Clinical assessment scales, where subitem ratings are added and summarized as a total score, are convenient tools for monitoring disease progression and often used to measure the effect of drug treatment in clinical trials. Statistical evaluation of any beneficial treatment effects tends to focus on single-valued summary measures, for example, the difference between the score at the end of treatment and the score at baseline. Such analyses ignore potentially important features of the data, e.g. early vs. late recoveries.
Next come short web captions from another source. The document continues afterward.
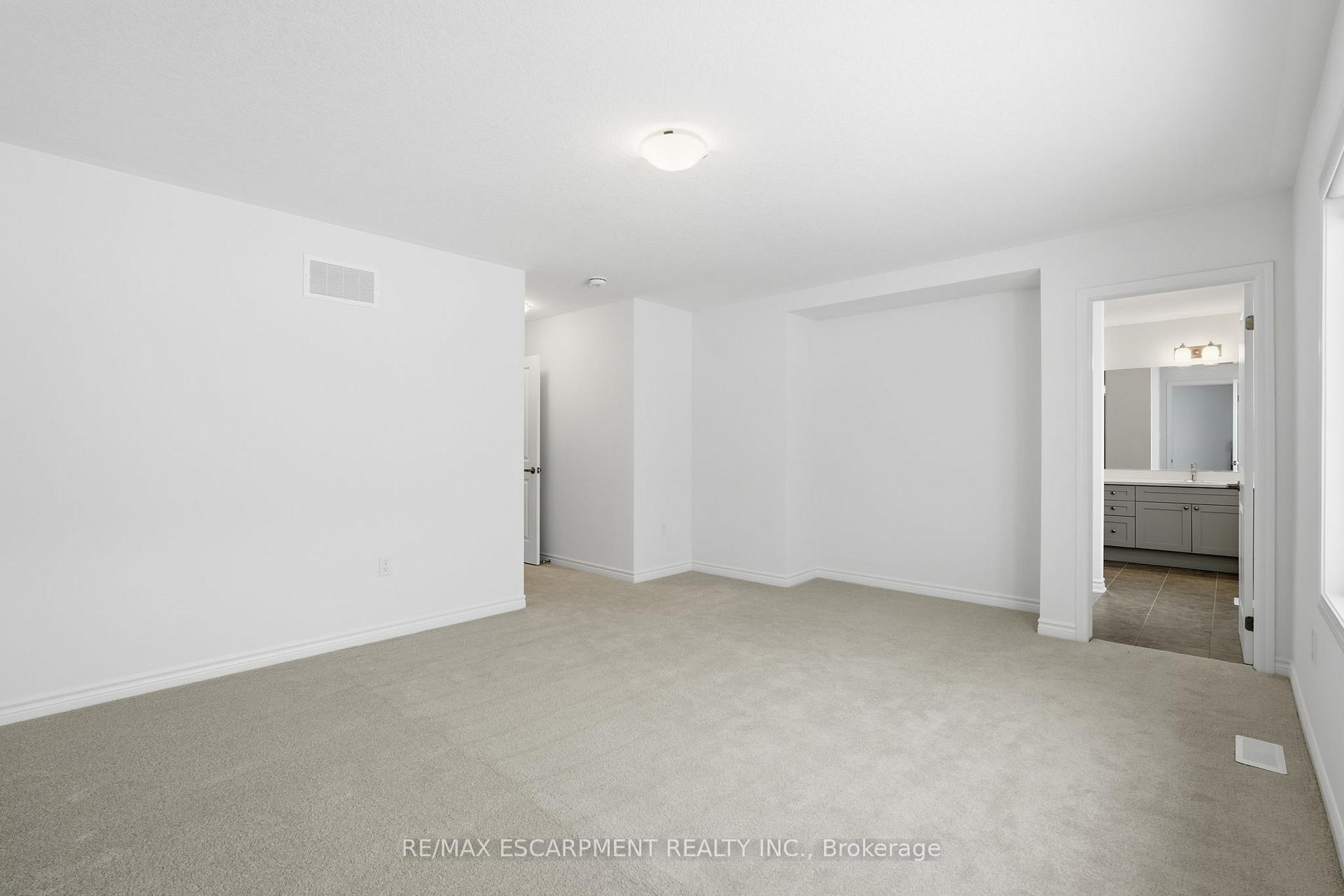 Photo 10 of 322 Millstone Street, Kitchener — HOMEH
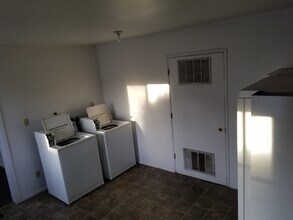 12 Columbia St in Cheney, WA - Foto de edificio - Building Photo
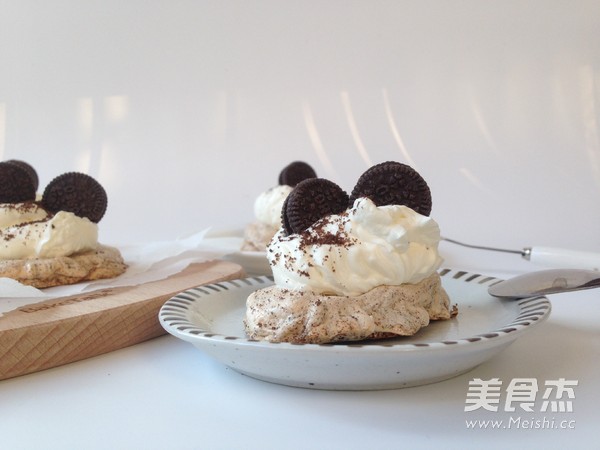 Oreo Cream Meringue recipe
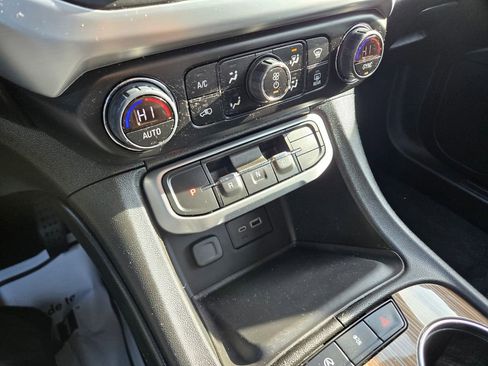 Used 2023 GMC Acadia SLE w/ Driver Convenience Package image 10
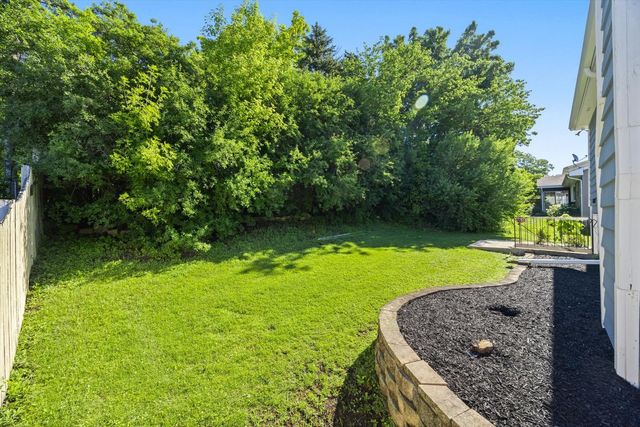 307 TERRY Lane, Bloomingdale, IL 60108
It is therefore of interest to develop longitudinal models that make more efficient use of the information present in non-monotonic clinical assessment scale data. We propose a two-part modeling approach for the modeling of this type of data. Non-monotonicity is managed by regarding score changes as Markovian transition events. A set of probabilistic models are used to describe the occurrences of the transitions. Continuous models are used to describe the magnitude of the scale score change, given the observed transition. In this manner, a non-monotonic disease progression is handled more efficiently than if other available methods are used. We illustrate this approach using data from a recent phase II study of a drug used in the treatment of stroke, where stroke severity was measured on the Scandinavian Stroke Scale (SSS). This scale consists of nine subitems: consciousness, eye movements, hand/arm/leg motor performance, orientation, speech, facial palsy, and gait. The data were non-monotonic, since there was at any time a risk of a score decline, despite a general tendency towards healing. The two-part probabilistic/continuous model fit the data well and proved to be robust in model-checking procedures such as posterior predictive checks and bootstrapping. The models derived using this approach could potentially accommodate drug effects, not only in terms of score improvement at end of study, but also on the onset of recovery, on dropout and on the probability of unfavorable progression patterns. In addition, it is possible to use the resulting for simulation of the prospective outcome of future studies. We conclude that this approach has considerable potential for more efficient use of information in longitudinal modeling of non-monotonic clinical assessment scale data.